Innovations in Learning/Teaching Organisation for Boosting Creativity of Learners
This symposium is co-organized by: the ESCP-Europe; European Institute of Education and Social Policy (EIESP); and the Universal Education Foundation (UEF).
Established in 1819, ESCP Europe is the world's oldest business school. With its five urban campuses in Paris, Berlin, London, Madrid, and Torino, ESCP enables the provision of a European style of cross-cultural business education. ESCP Europe’s network of around 100 partner universities extends the School’s reach from European to worldwide. The School is founding partner of heSam, a cluster of well-known institutions for research and higher education structured around the Sorbonne University.
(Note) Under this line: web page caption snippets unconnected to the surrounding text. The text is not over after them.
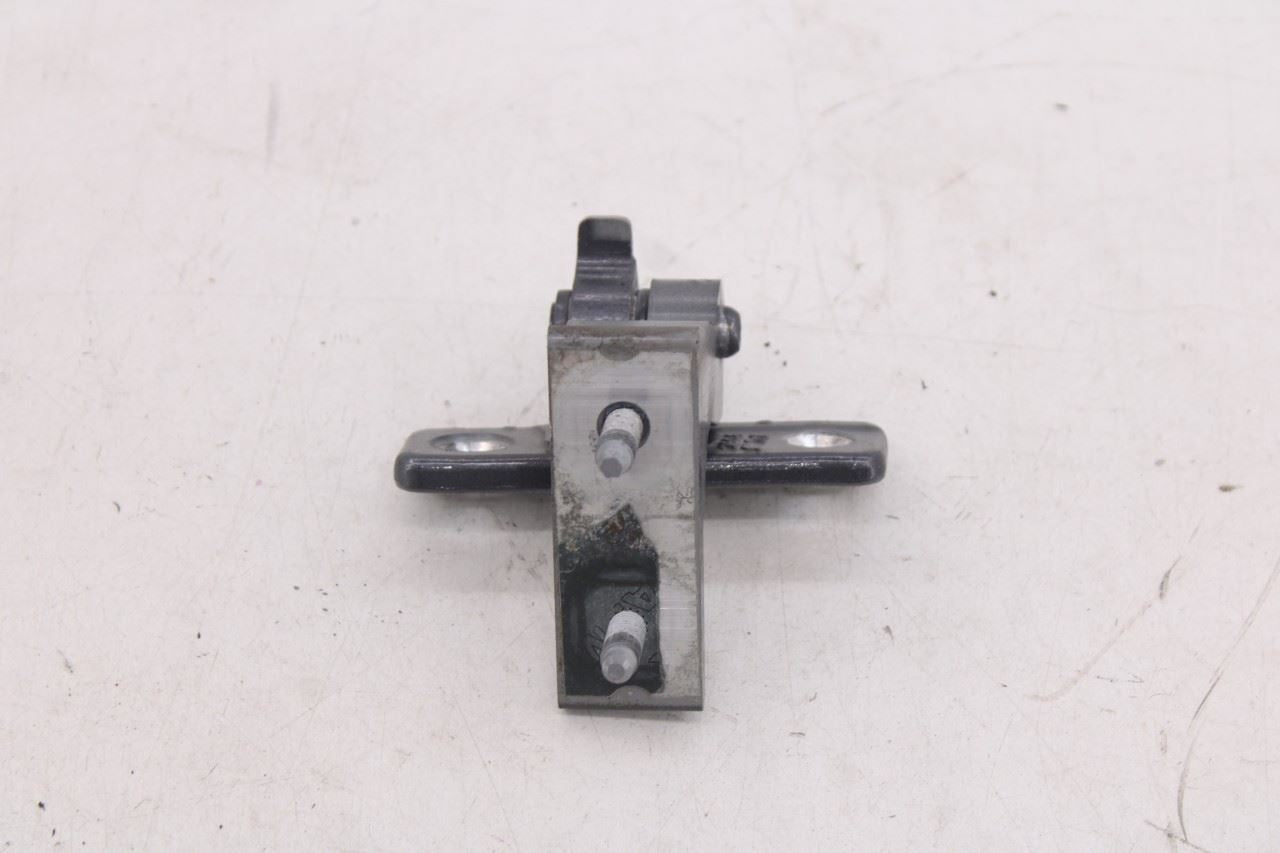 15-21 Mercedes-Benz C300 4Matic Front Left Side Door Hinge Upper and Lower Pair14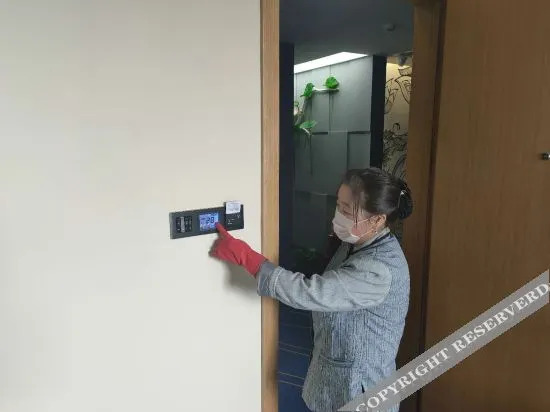 Тайюань: JUNE 6th Hotel (Taiyuan South Railway & WUSU airport Station)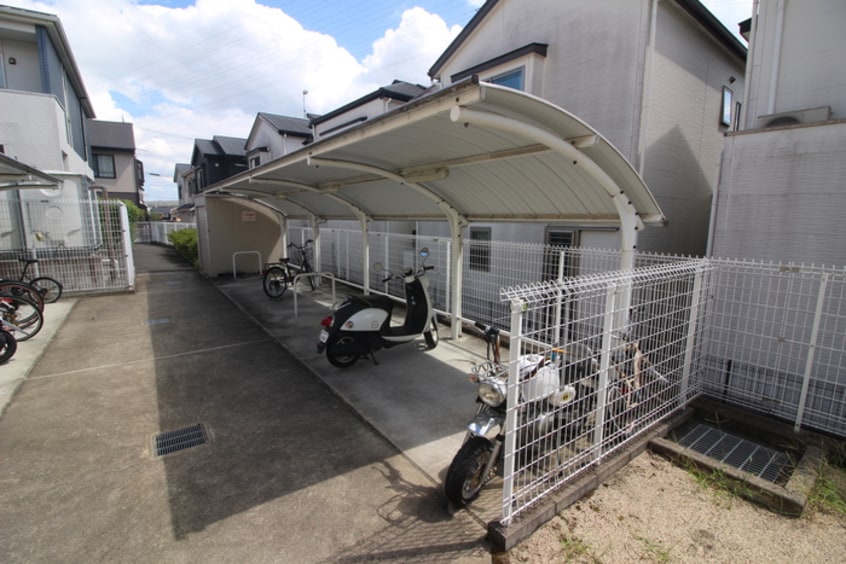 駐輪場 ペルル寺門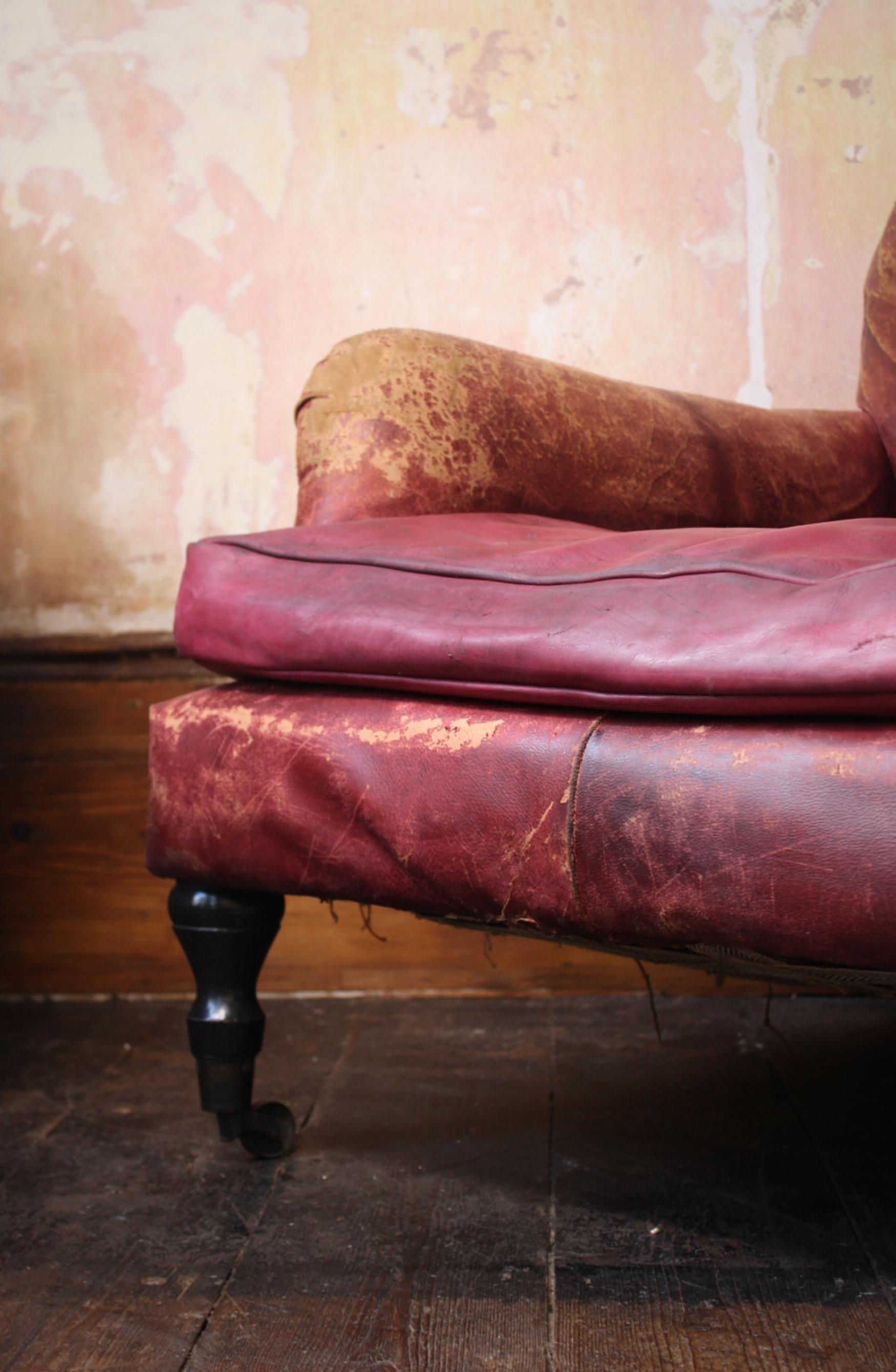 Early 20th Century Deep Seated Howard & Son Style Red Leather Armchair In Good Condition In Lowestoft, GB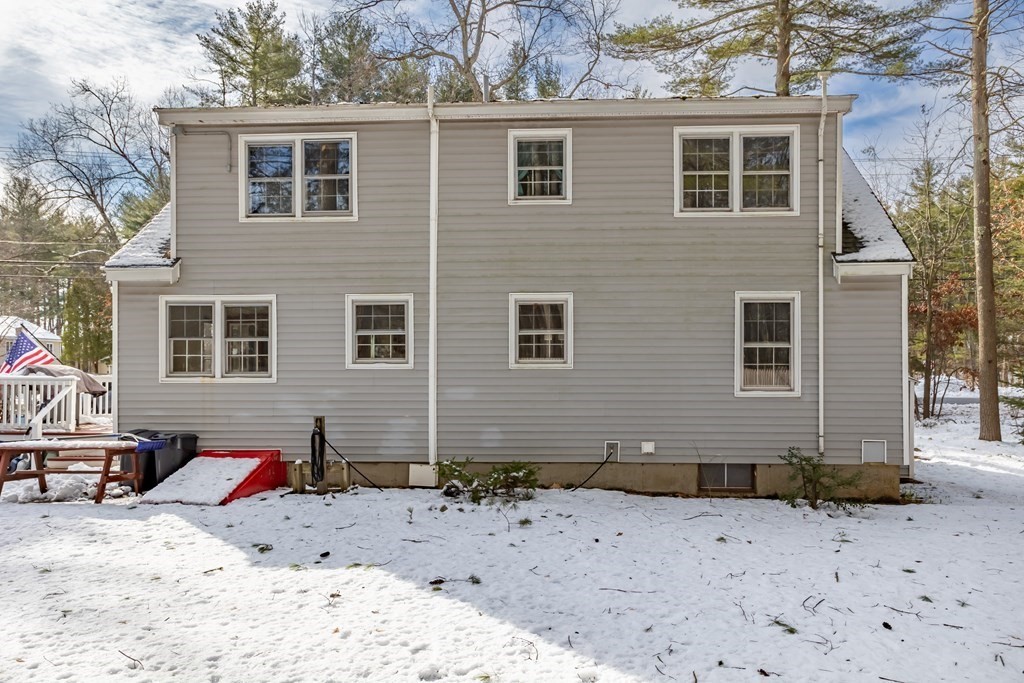 172 Groton Road Westford, MA 01886 - Photo 5 of 32 Gallery Image 5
Triple-crown accredited (EQUIS, AMBA, and AACSB), ESCP Europe welcomes 4,000 students and 5,000 executives from 90 different nations every year, offering them a wide range of general management and specialised programmes (Master, MBA, PhD and Executive Education). Through a combination of innovative pedagogy, cross-campus programmes with integrated curricula, and a research-active faculty, ESCP Europe is a major player for the development of a European, transnational management culture. The aspiration of ESCP Europe is the credo of Europe: to remain faithful to its humanistic values while at the same time anticipating the new ways of the world.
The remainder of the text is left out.